▶ REQUIRED WORK: Only the text of the records belongs in the answer; the pictures must be dropped.

▶ GIVEN ENTRIES:

[Start of Attachment]

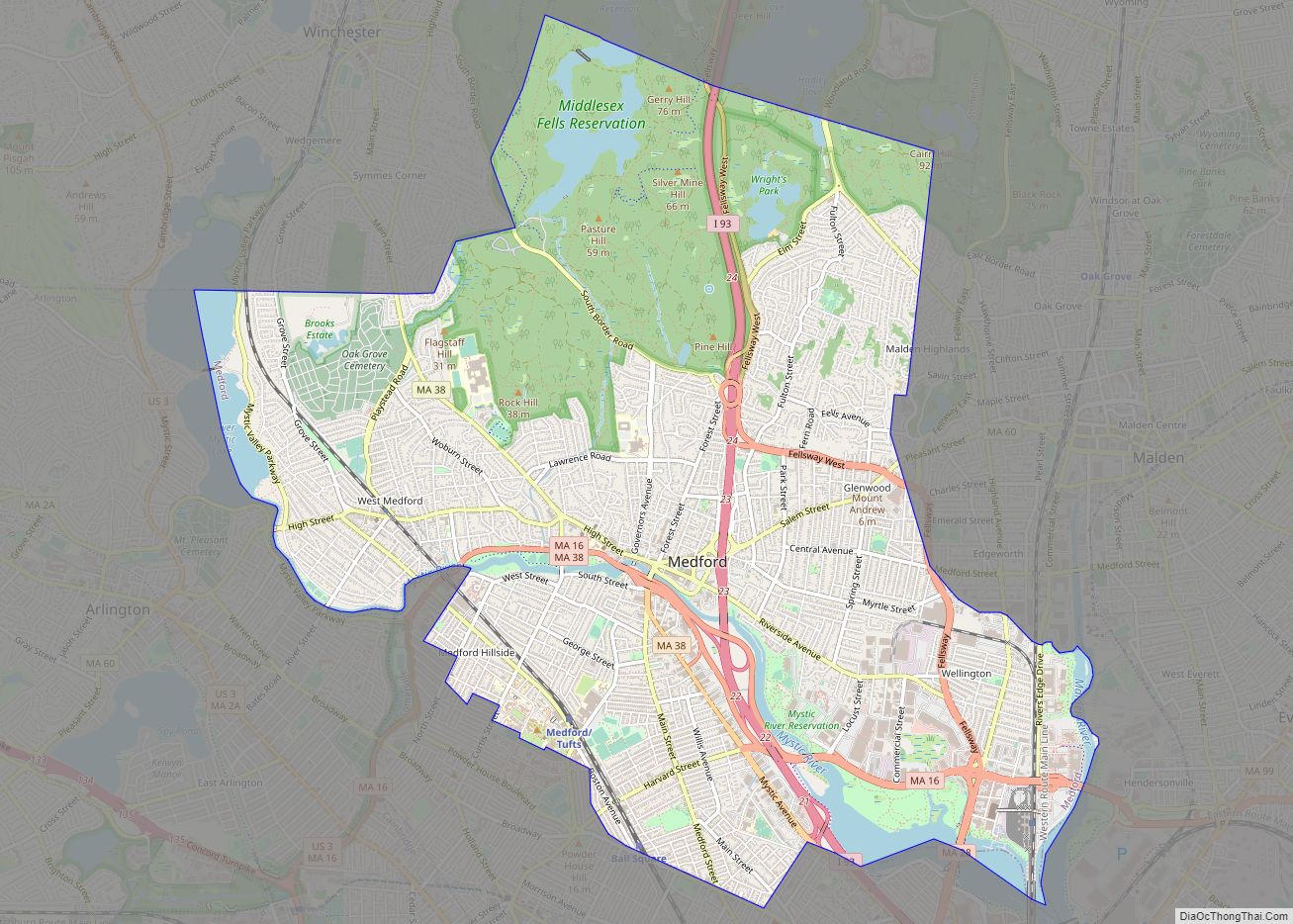 Map of Medford city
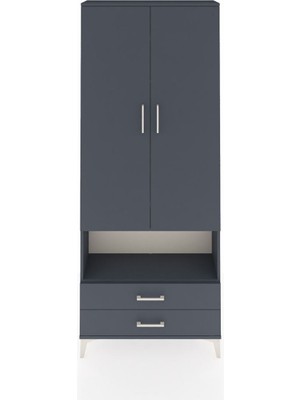 Arges Dolap 3 Raflı 2 Çekmeceli Tek Askılı 88X30X221 Antrasit-Antrasit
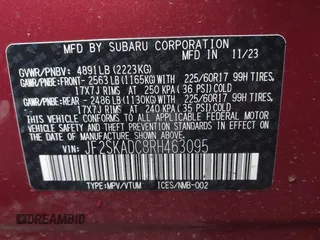 2024 Subaru Forester Premium with VIN JF2SKADC8RH463095, listed as a IAAI auction lot 41514816 with 9,041 mi miles. Bid and sale history available at carsss.com. Image 9.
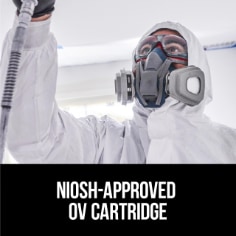 3M™ Organic Vapor Cartidge 6001, NIOSH-Approved OV Cartridge. Enhanced image for ecommerce.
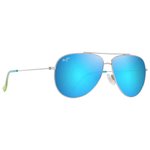 
Maui Jim Lunettes de soleil Hauoli Argent Brillant Bleus Verts Bleu Hawaï MauiPure  Présentation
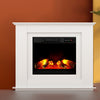 Devanti 2000W Electric Fireplace Mantle Portable Fire Log Wood Heater 3D Flame Effect White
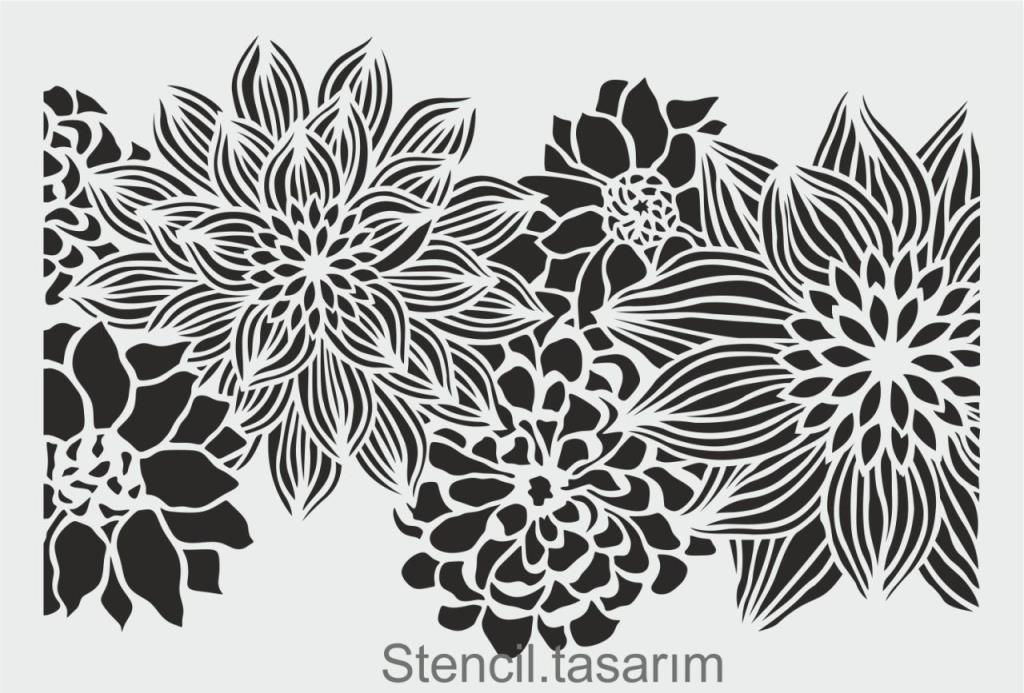 Çiçek Desen Stencil Şablon (21x30) F-158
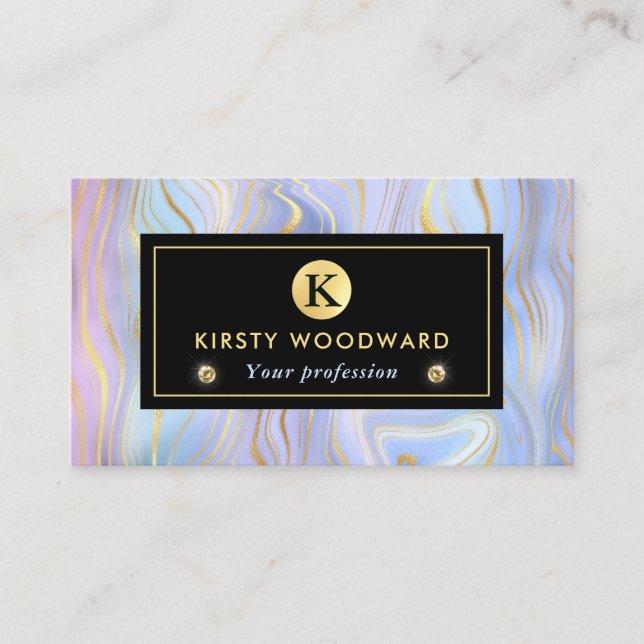 Iridescent Rainbow Gradient and Gold Foil Strata Business Card (Front)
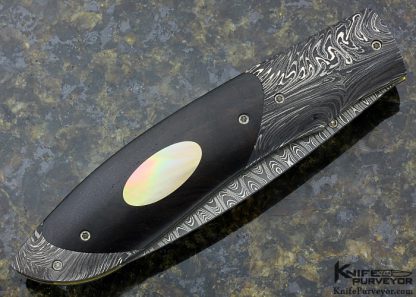 Bill Ankrom Custom Knife Damascus and Desert Ironwood with Blacklip Pearl Inlays Linerlock - Image 4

[End of Attachment]

▶ RESULT OF THE EXERCISE:
 Map of Medford city
 Arges Dolap 3 Raflı 2 Çekmeceli Tek Askılı 88X30X221 Antrasit-Antrasit
 2024 Subaru Forester Premium with VIN JF2SKADC8RH463095, listed as a IAAI auction lot 41514816 with 9,041 mi miles. Bid and sale history available at carsss.com. Image 9.
 3M™ Organic Vapor Cartidge 6001, NIOSH-Approved OV Cartridge. Enhanced image for ecommerce.
Maui Jim Lunettes de soleil Hauoli Argent Brillant Bleus Verts Bleu Hawaï MauiPure  Présentation
 Devanti 2000W Electric Fireplace Mantle Portable Fire Log Wood Heater 3D Flame Effect White
 Çiçek Desen Stencil Şablon (21x30) F-158
 Iridescent Rainbow Gradient and Gold Foil Strata Business Card (Front)
 Bill Ankrom Custom Knife Damascus and Desert Ironwood with Blacklip Pearl Inlays Linerlock - Image 4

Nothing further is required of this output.